Profiling phagosome proteins identifies PD-L1 as a fungal-binding receptor.

机构信息

Department of Biomedical Sciences, Division of Immunology, Cedars-Sinai Medical Center, Los Angeles, CA, USA.

F. Widjaja Inflammatory Bowel Disease Institute, Cedars-Sinai Medical Center, Los Angeles, CA, USA.

出版信息

Nature. 2024 Jun;630(8017):736-743. doi: 10.1038/s41586-024-07499-6. Epub 2024 Jun 5.

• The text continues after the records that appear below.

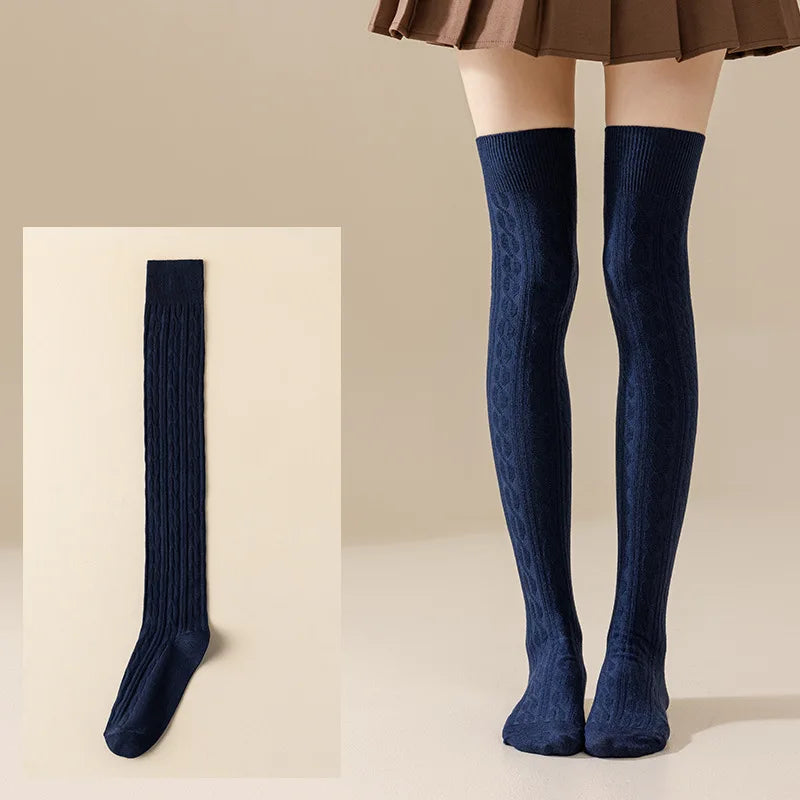 Women’s Heritage Cable-Knit Thigh-High Socks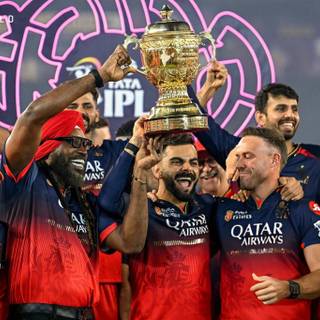 Virat Kohli with trophy wallpaper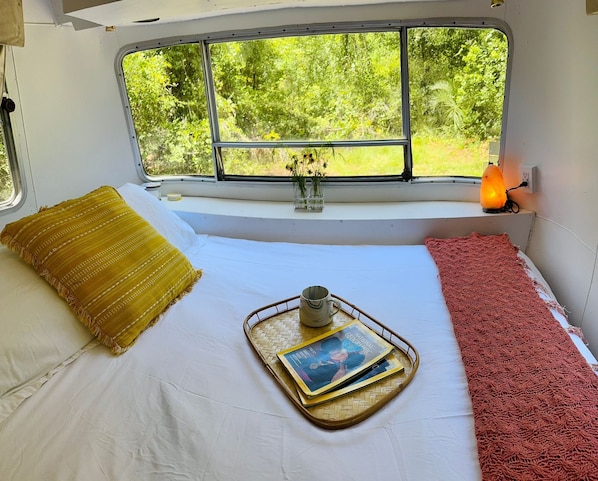 Travel cot, free WiFi, bed sheets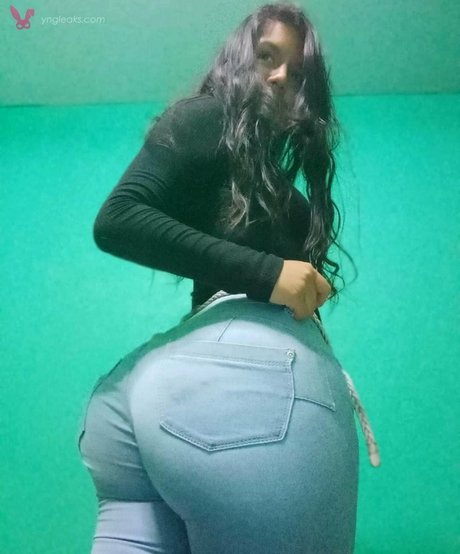 Nicol Pizarro jolie star du porno archive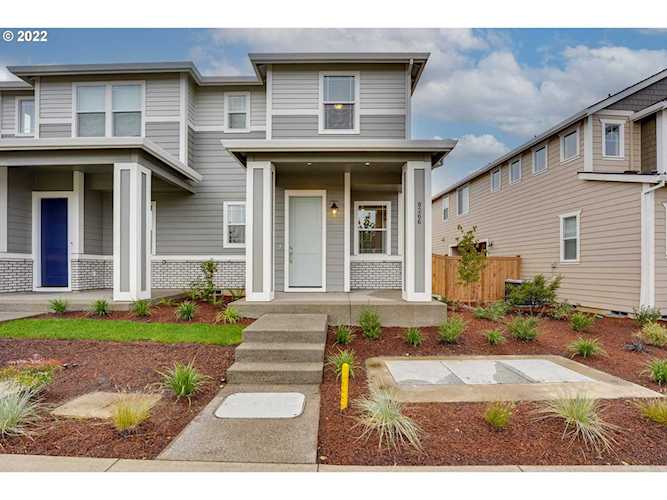 8266 SE Blanton Hillsboro, OR 97123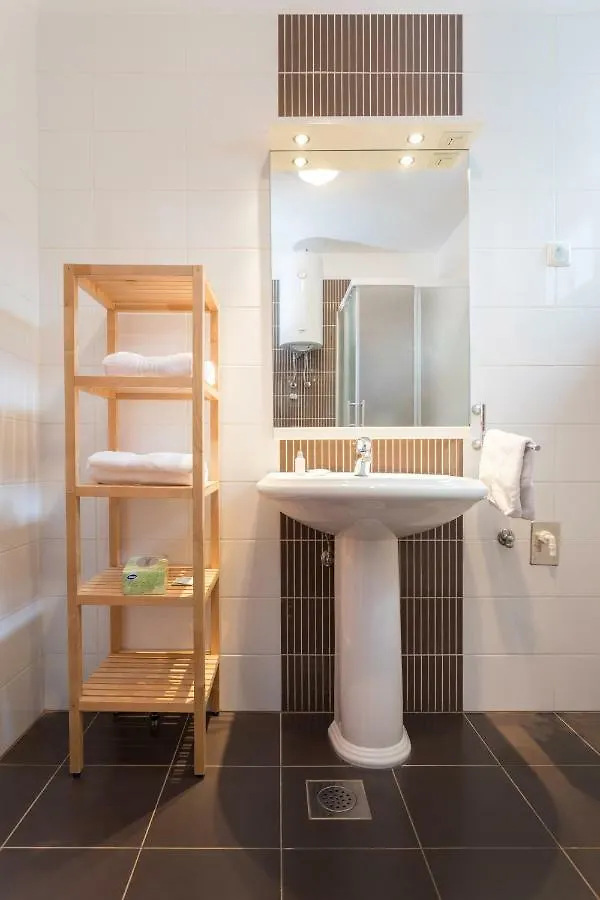 Apartments Jadranka Selce 0*,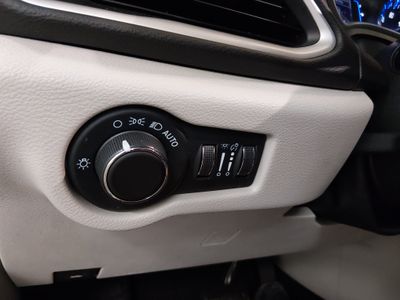 2022 Chrysler Voyager - Photo 13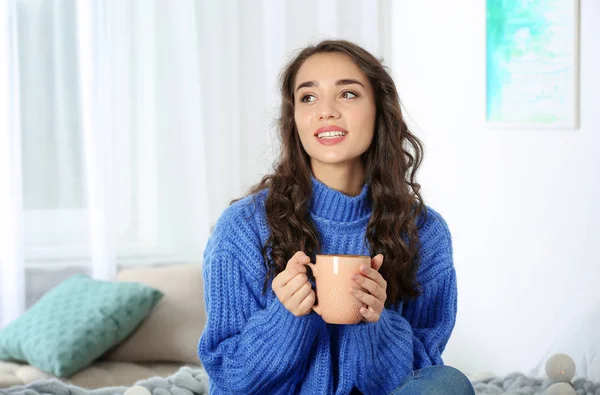 집에서 뜨거운 한잔과 따뜻한 스웨터에 — 스톡 사진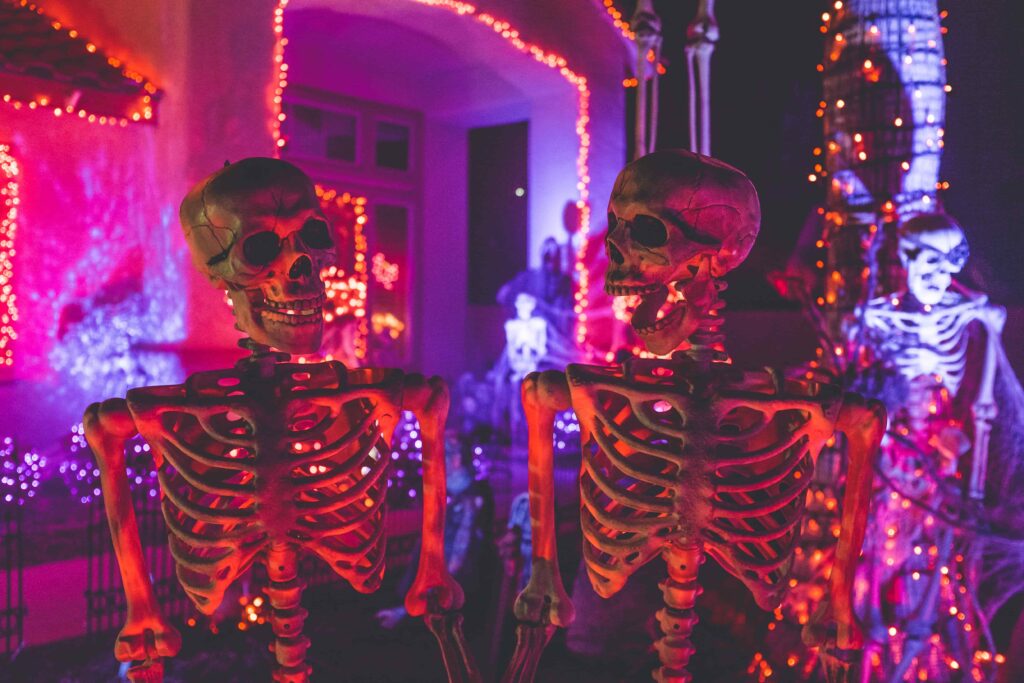 Mẹo mang không khí Halloween vào nhà 6 Bộ xương trang trí Halloween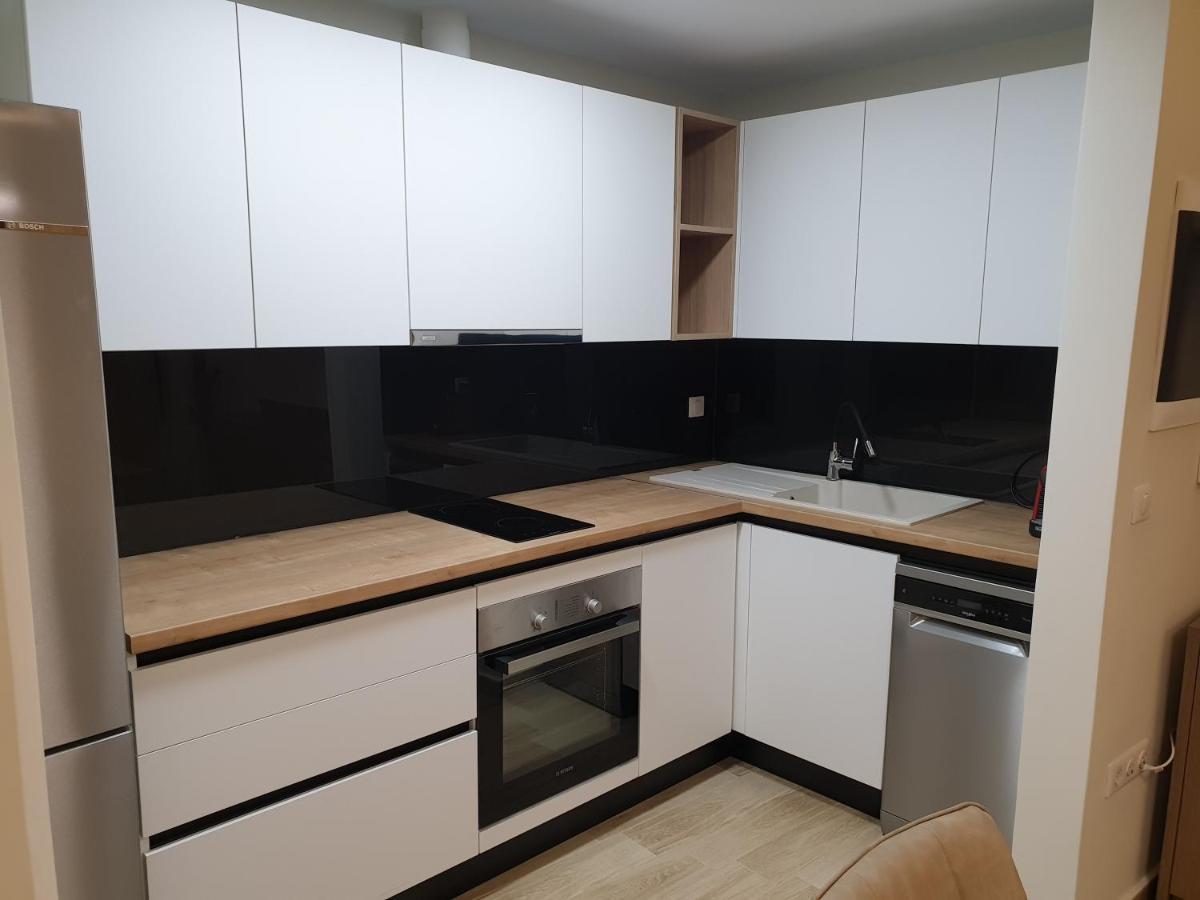 Olive Deluxe Apartment 카르디차 외부 사진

DOI:10.1038/s41586-024-07499-6
PMID:38839956
Abstract

Phagocytosis is the process by which myeloid phagocytes bind to and internalize potentially dangerous microorganisms. During phagocytosis, innate immune receptors and associated signalling proteins are localized to the maturing phagosome compartment, forming an immune information processing hub brimming with microorganism-sensing features. Here we developed proximity labelling of phagosomal contents (PhagoPL) to identify proteins localizing to phagosomes containing model yeast and bacteria. By comparing the protein composition of phagosomes containing evolutionarily and biochemically distinct microorganisms, we unexpectedly identified programmed death-ligand 1 (PD-L1) as a protein that specifically enriches in phagosomes containing yeast. We found that PD-L1 directly binds to yeast upon processing in phagosomes. By surface display library screening, we identified the ribosomal protein Rpl20b as a fungal protein ligand for PD-L1. Using an auxin-inducible depletion system, we found that detection of Rpl20b by macrophages cross-regulates production of distinct cytokines including interleukin-10 (IL-10) induced by the activation of other innate immune receptors. Thus, this study establishes PhagoPL as a useful approach to quantifying the collection of proteins enriched in phagosomes during host-microorganism interactions, exemplified by identifying PD-L1 as a receptor that binds to fungi.

摘要

吞噬作用是髓样吞噬细胞结合并内化潜在危险微生物的过程。在吞噬作用过程中,先天免疫受体和相关信号蛋白被定位到成熟的吞噬体隔室,形成一个充满微生物感应特征的免疫信息处理中心。在这里,我们开发了吞噬体内容物的邻近标记(PhagoPL),以鉴定定位于含有模型酵母和细菌的吞噬体的蛋白质。通过比较含有进化上和生物化学上不同微生物的吞噬体的蛋白质组成,我们出人意料地发现程序性死亡配体 1(PD-L1)是一种特异性富集于含有酵母的吞噬体的蛋白质。我们发现 PD-L1 在吞噬体中加工后直接与酵母结合。通过表面展示文库筛选,我们鉴定出核糖体蛋白 Rpl20b 是 PD-L1 的真菌蛋白配体。使用生长素诱导的耗竭系统,我们发现巨噬细胞通过检测 Rpl20b 来交叉调节不同细胞因子的产生,包括其他先天免疫受体激活诱导的白细胞介素 10(IL-10)。因此,这项研究确立了 PhagoPL 作为一种有用的方法来定量宿主-微生物相互作用过程中富集在吞噬体中的蛋白质集合,其例证是鉴定 PD-L1 作为一种与真菌结合的受体。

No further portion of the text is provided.